McFarlen is indeed correct that "The bees are already here." And so the Los Angeles City Council also passed a motion on Wednesday to explore more humane ways of removing beehives from urban settings and dwellings other than extermination.


A bee sits on the finger of Rob McFarland, who keeps a hive filled with 25,000 honeybees on the roof of his Los Angeles house. Photo credit: Damian Dovarganes / Associated Press.

The third motion the Los Angeles City Council passed supports federal protection against pesticides. This measure offers much needed momentum to reduce poisons in our state since the Sacramento-based California Department of Pesticide Regulation (DPR) agency continues to approve new bee-killing products i.e. neonicotinoids before fully evaluating their impacts.

"DPR has been saying for five years that neonicotinoids may be killing California's honeybees, and yet the agency allows more and more of these pesticides to be used each year," said Greg Loarie, an attorney for EarthJustice.

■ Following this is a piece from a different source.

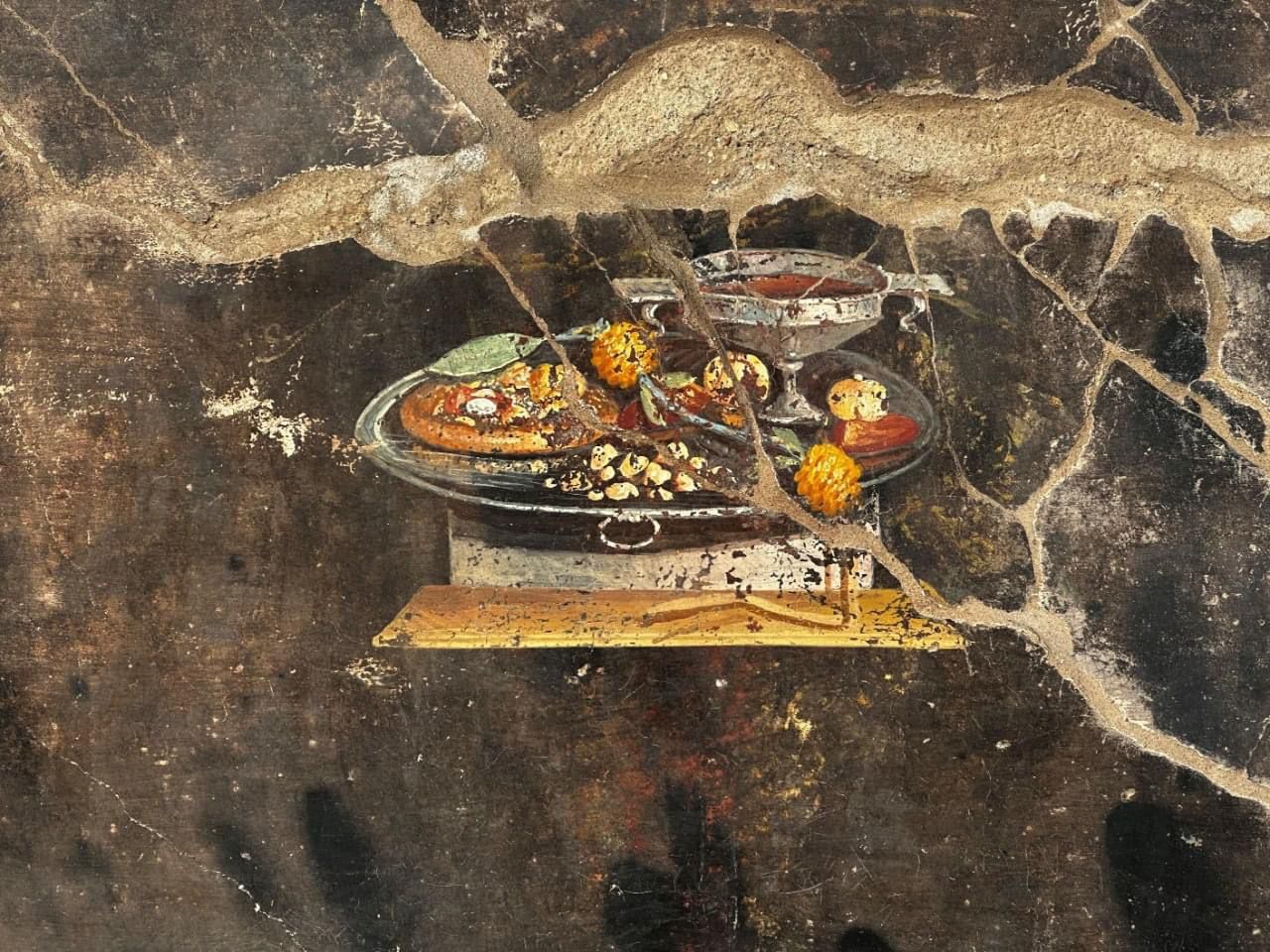 Ritrovato un affresco particolare in una casa dell’insula 10, Regio IX, nell’antica città di Pompei. Ritrovato un affresco particolare in una casa dell’insula 10, Regio IX, nell’antica città di Pompei.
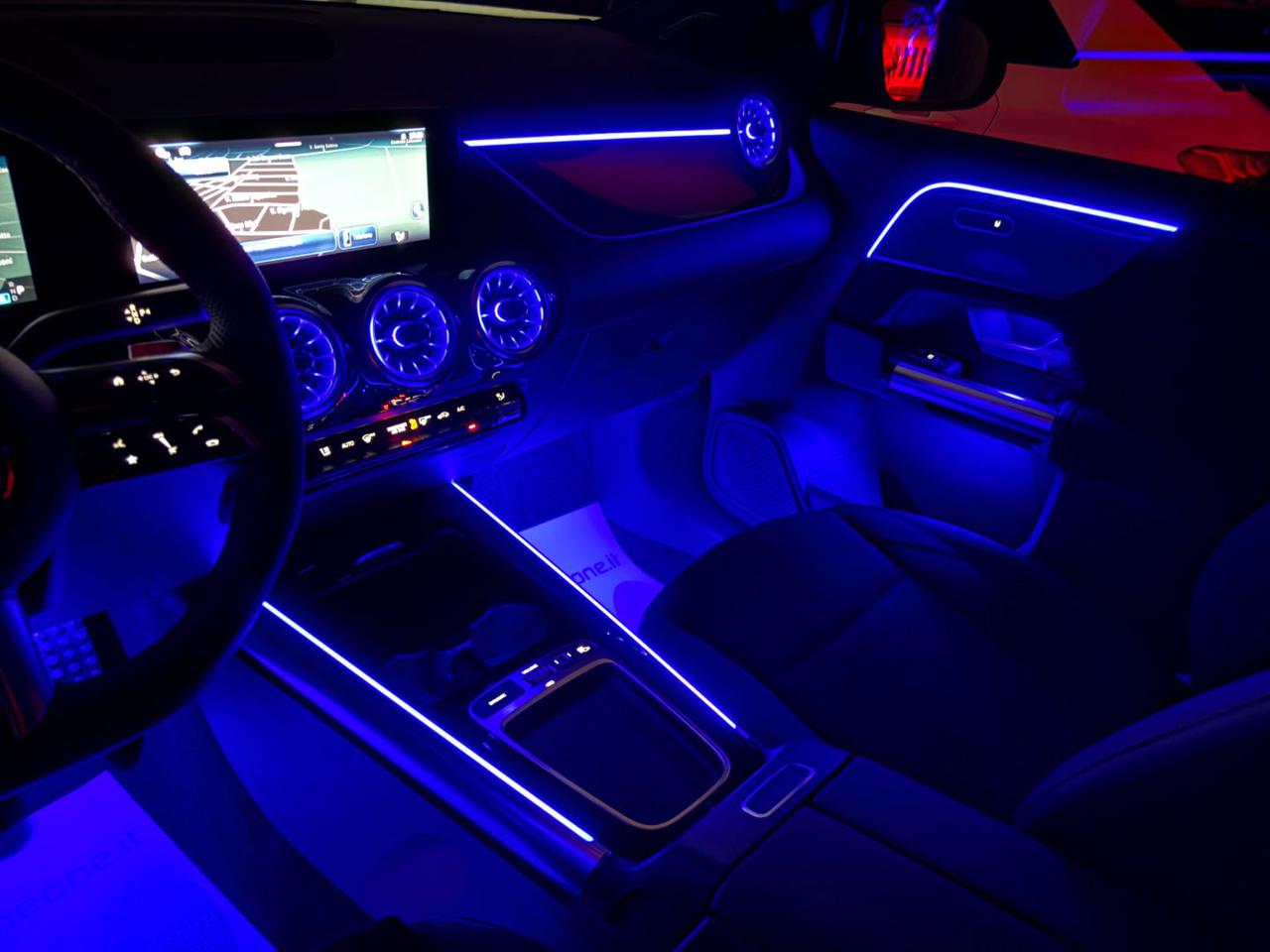 MERCEDES-BENZ GLA 200 d Automatic Premium Amg Pack Night-TETTO - 36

Even more concerning, Portland-based Xerces Society found that some commercial neonicotinoid products available at garden centers are 120 times higher than those applied on agricultural fields.


Honeybees are just like people we both like to dance, travel, touch, mimic one another, and we both enjoy caffeine, nicotine, voting, seeking thrills and we both get sick. The honeybees are indeed 21st century canaries in the coal mine showing us that putting 5 billion pounds of pesticides annually into the biosphere is killing it. And what we do to the biosphere, we do to ourselves. Photo credit:

Do not use any pesticides in your yard. Please consider supporting this petition to strongly encourage Lowe's and Home Depot not to sell these known high concentrations of bee-killing poisons.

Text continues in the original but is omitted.